Silence filled between us. I wanted to tell him to fuck off and to step back and let me handle things. That wouldn’t be the best friend response, though.
Jackson gasped a few more times, the wet sound of his breathing filling the receiver.
“My dad would hate me,” he croaked.
He sure as shit would. I practically hate him. But, I can’t tell him that.
“No Jack, you know that’s not true. She’s not in the right mindset. Wake the fuck up and smell the coffee already.”
I spent the next half hour arguing with Jackson. Every time he tried to spew out self-deprecating shit, I threw it right back at him.

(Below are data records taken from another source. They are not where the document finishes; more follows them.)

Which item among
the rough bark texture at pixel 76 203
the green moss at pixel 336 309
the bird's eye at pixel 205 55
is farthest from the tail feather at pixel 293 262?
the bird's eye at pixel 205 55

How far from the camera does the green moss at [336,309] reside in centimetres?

It was a never-ending circle. Eventually, I convinced him to go to bed. He could work everything out with her in the morning. I knew she would accept his apology without hesitation
One thing crystalized for me tonight. Whatever happened in that car, Maci thought she deserved punishment. I knew it was why she treated herself the way she did. She felt the need to hurt herself as penance for what her dad’s death cost everyone else. The real shitty thing? She lost him too and no one let her grieve it, instead; they were content with letting her never forget it. Which was a damn shame.